Ain't no party like a synapse party, cuz a synapse party don't stop.
I mean, you know, except for when it does, but if Wirth-Liss isn't selling amyloid replacements, I ain't buyin'.
This is what happens when I have a pharmacology test in a day; nothing but drugs on the brain and a brain on drugs.
"I want to personally partner with you"
I don't think Skool Nerse would approve.
Did she leave you her room key?
Oh yeah, you should probably find out what the lifelong goals are for your epilepsy patients. You know, since (s)he's going to work with you to meet those goals for them. Better start working out if you're going to climb K2, and start holding your breath so you can become the first underwater basketweaver to weave in every ocean.
Erin - lmfao...I wonder if the drug rep raised their hands in the ay-ar, because you know, in the pharm rep world they's a true playah!

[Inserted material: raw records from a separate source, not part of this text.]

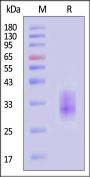Rat Clec4b2 Protein, His Tag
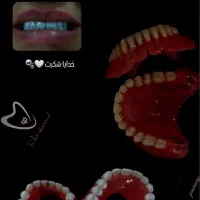 ساخت دندان مصنوعی|خدمات آرایشگری و زیبایی|اردبیل, |دیوار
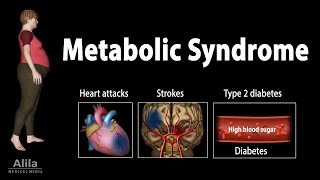 Metabolic Syndrome Animation [upl. by Deyes]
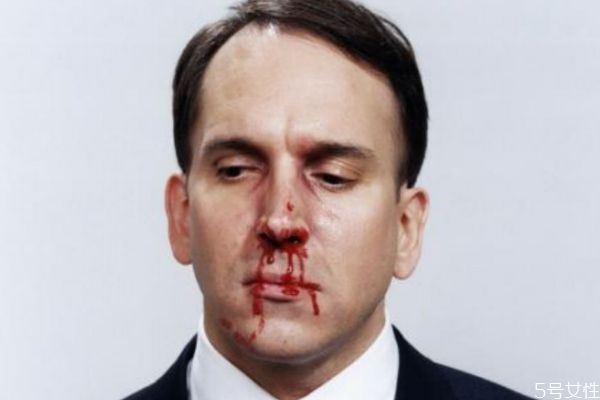 鼻子出血應(yīng)該怎么辦呢 鼻子出血如何治療呢 鼻子出血應(yīng)該怎么辦呢 鼻子出血如何治療呢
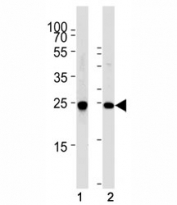 Western blot analysis of lysate from (1) SH-SY5Y cell line and (2) mouse brain tissue using PGP 9.5 antibody at 1:1000. Predicted molecular weight ~25 kDa.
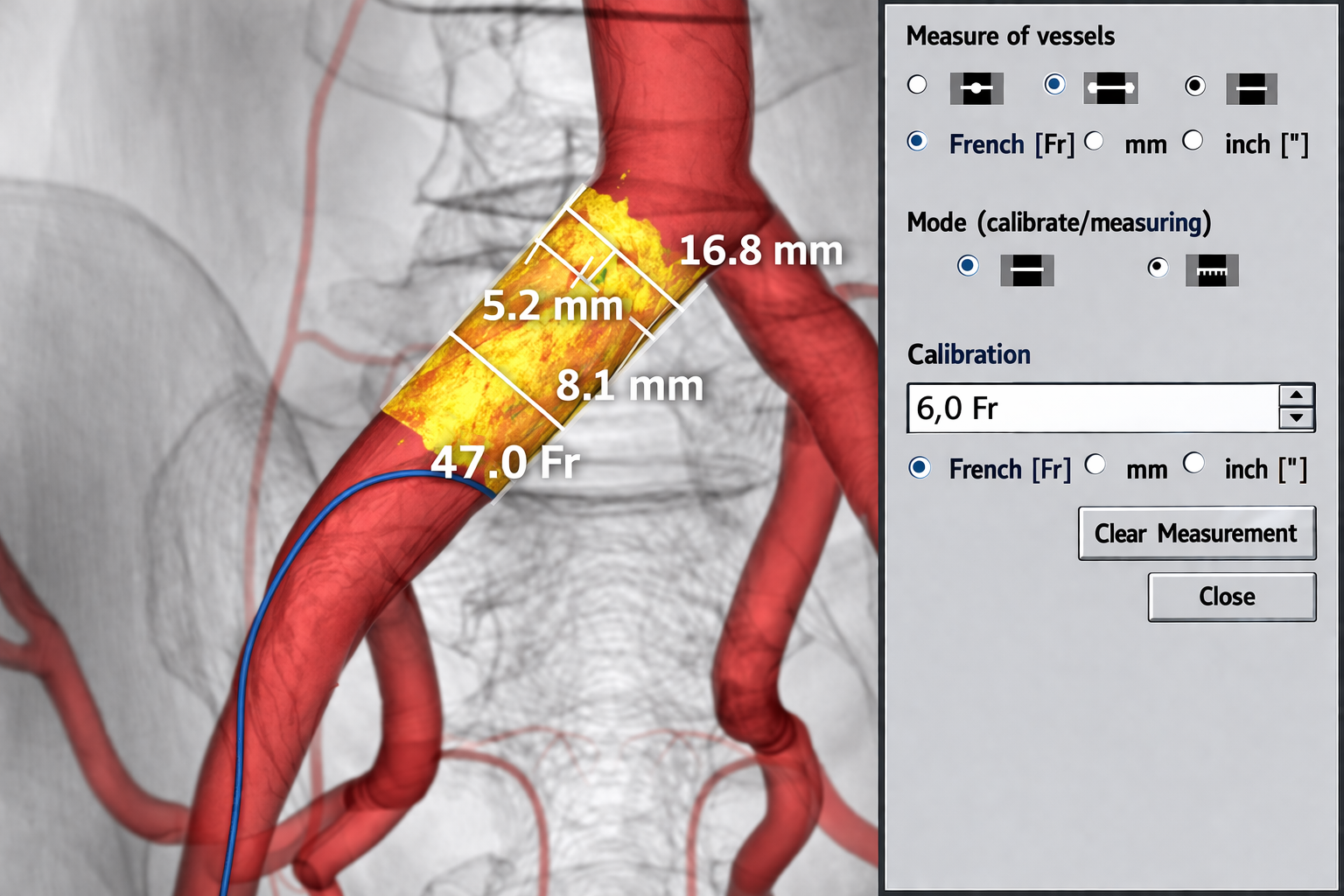 Vessel Measurement Analysis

I hate sales-speak. I had one the other day, wanting to "reach out" to me. I wanted to tell her to keep her hands to herself.
Who invents this language? Do they actually think customers like hearing this kind of stuff?
And thank goodness we are able to put aside our differences and avoid sequestration for the good of the nation, the economy and more importantly ourselvss.
Sorry , wrong script.
Ummm...Doesn't every epilepsy patient want the STUPID, annoying, dangerous, unpredictable seizures to stop???
I have someone w/ epilepsy in hte family. He/she would agree with Just Me. She/he wants to drive a car, go swimming alone (or at least w/ people on beach not right alongside), to cook, walk dog, etc.
If drug rep can deliver that w/o annoying Skool Nerse, all power and glory to him/her.
This reminds me of when one my own sales reps said to a customer "Let's sit down and do a little conceptional foundationing".
So, to cut the crap, they are really saying:
"We have worthless products but we want your money so please buy them."
My last name is Wirth, and kids in school always thought they were so clever for calling me Wirthless. Old wounds, Dr. Grumpy. Old wounds...
Break off eye contact and back away slowly.